For everyone out there who hoards vacation days until it's too late to use them, and then brags about it in the office, I say "Stop the madness!" You're promoting a dangerous urban legend -- the office super hero, who works tirelessly throughout the week, after hours, on weekends, on the most high-profile projects. Too busy to take a day off, too high on stress to see the effects in the mirror.
Stop. Breathe. Cry if you need to. And then schedule some time off.
And while you're off, think about the path you're on. While managers notice and appreciate employees who put in extra time and effort for special projects, an employee who consistently needs to work evenings and weekends to get the job done can be the sign of a problem. To be fair, the problem may be that the workload is too demanding.
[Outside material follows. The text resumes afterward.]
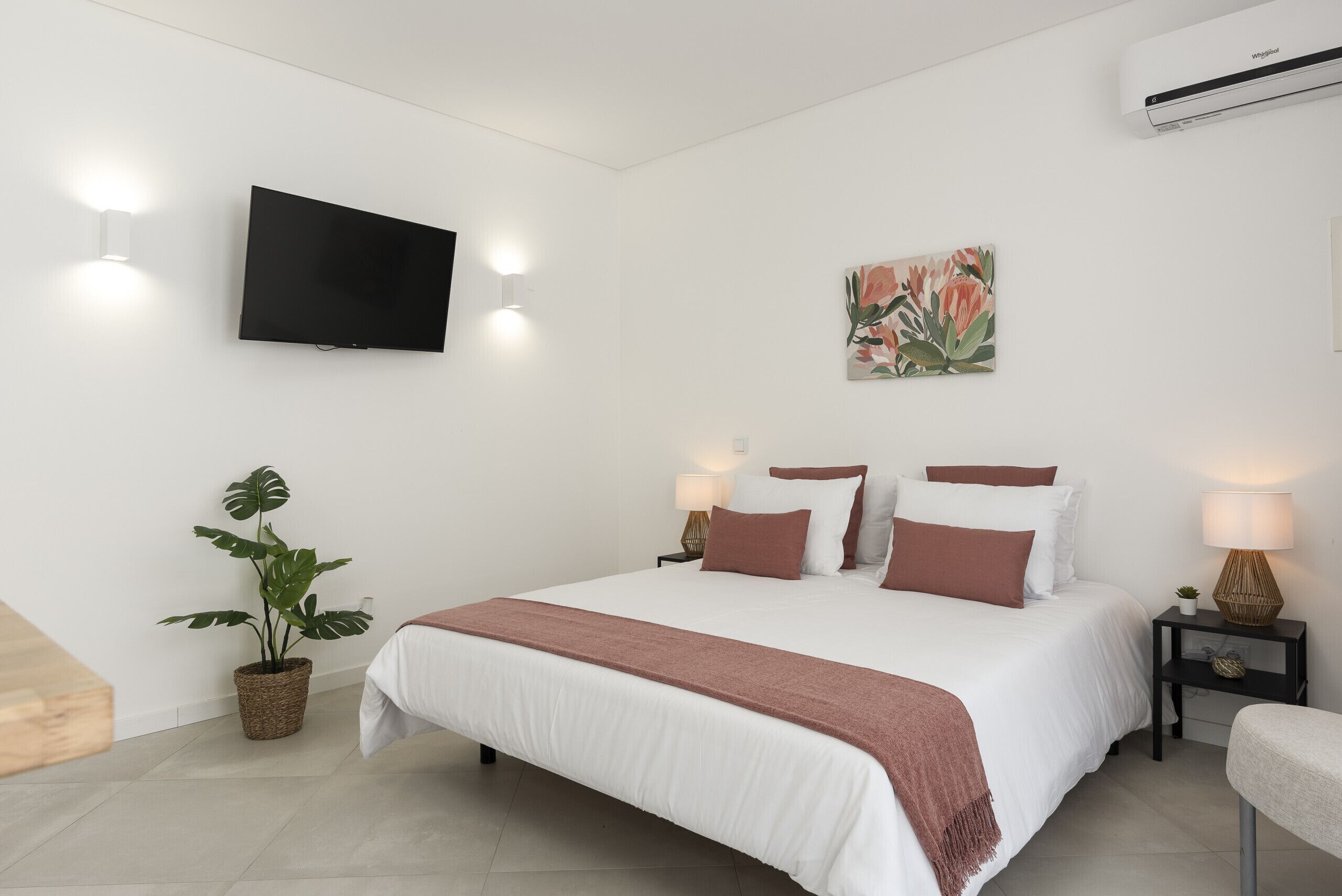 A modern bedroom with a large bed, a flat-screen TV, a potted plant, and a wall-mounted air conditioner.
The other option is that the problem is you.
As chief human resources and citizenship officer for a large company, I've seen what happens to employees who don't cultivate a life outside the workplace. It's only a matter of time before long hours and limited outside perspective strips them of their creativity, their problem-solving skills, and even their health.
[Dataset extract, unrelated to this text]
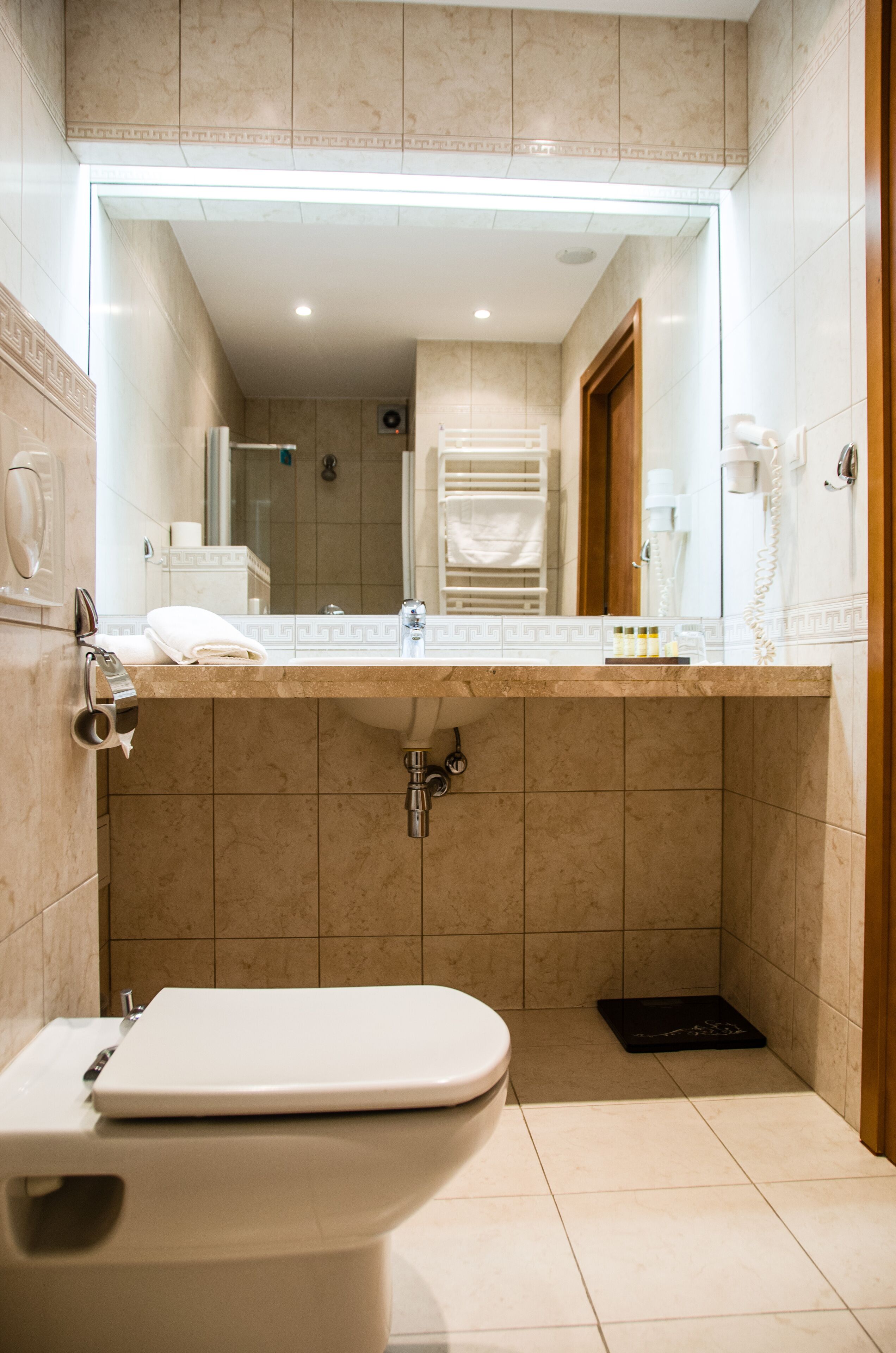 Ein Badezimmer mit Toilette, Waschbecken und Spiegel.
I think the first time I heard the term "work/life balance" was in the 1980s. It was something that women were striving to achieve by balancing work with responsibilities at home. Thirty years later, both men and women are looking for ways to even out the scales. But, I don't think this is merely an issue of striking a balance between "work" and "life." There aren't just two facets to our lives. Effectively managing the multiple dimensions of ourselves will help us thrive and feel good about our journey.
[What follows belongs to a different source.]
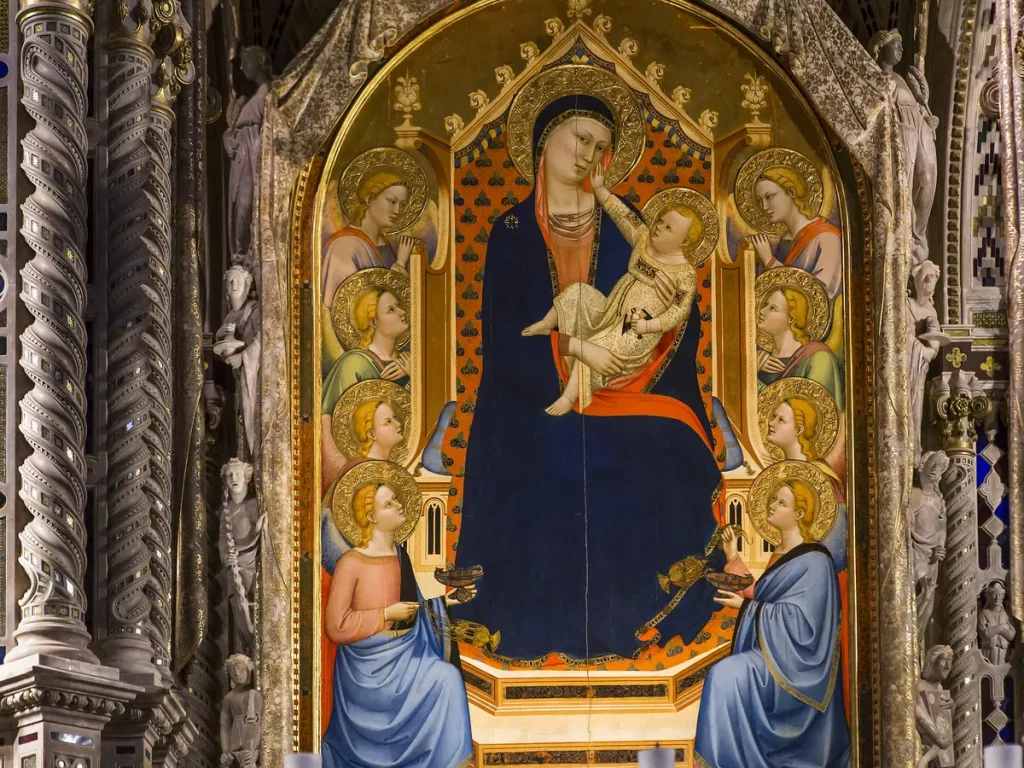 «Мадонна с младенцем» («Madonna delle Grazie») Бернардо Дадди заменила выцветшую фреску Девы Марии в 1347 году. Картина Дадди демонстрирует натурализм эпохи раннего Возрождения, изображённый во взаимодействии Девы Марии и Младенца. Вокруг портрета расположены скульптурные ангелы Орканьи, которые отдёргивают мраморную завесу или вуаль, а по бокам — витые колонны. (Isogood_patrick/Shutterstock)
So why are so many of us stockpiling vacation days off and burning out at work? According to one study, the United States has earned the dubious distinction of the No-Vacation Nation, compared with other industrialized nations. It may be that our culture and our economic climate contribute to the feeling that we have to work long hours to prove our value and get ahead. Ironically, it's this very mindset that may end up costing you your job, your health, your sanity, or all three. Research shows that taking breaks alleviates stress, reduces errors and improves the quality of work.
So take some time off and use it to develop a new plan:
- Get a life. Challenging work can be attractive and compelling to the point of distraction for some. Make sure your life outside the office is equally compelling and attractive. Take time away from work to devote to friends, family and interests that inspire you -- it will make your work more interesting and meaningful, and the satisfaction you get from work will make your time away more enjoyable as well.
- Get away. Multitasking is not productive. While it may feel like we're able to get more done by doing several tasks at once, it turns out that dividing our attention seriously diminishes the quality of our efforts. There's a reason our best ideas often come to us in the shower, during our morning commute, our even in our dreams. Solitary time allows our minds to mull things over and work them out, even if we aren't consciously trying. Taking a break, getting a change of scenery or doing something unexpected doesn't just clear our minds; it can lead to unexpected insights.
- Get healthy. Eating right, exercising and getting enough rest is exactly what you need to be your best at work and home. Carve out time to create healthy eating and exercise habits and make sure you get enough sleep. Getting by on too little sleep can negatively affect your productivity, mood and health. (Find out: How much sleep do I really need?)
If you are devoting almost all your attention to the "work" dimension of your life, schedule some time off to recharge. And while you're at it, develop a plan that will allow you to be more balanced, productive and content in all aspects of your life. That way, when you come back to work refreshed, you'll be promoting a different kind of office super hero -- balanced, healthy, and ready to take on the world.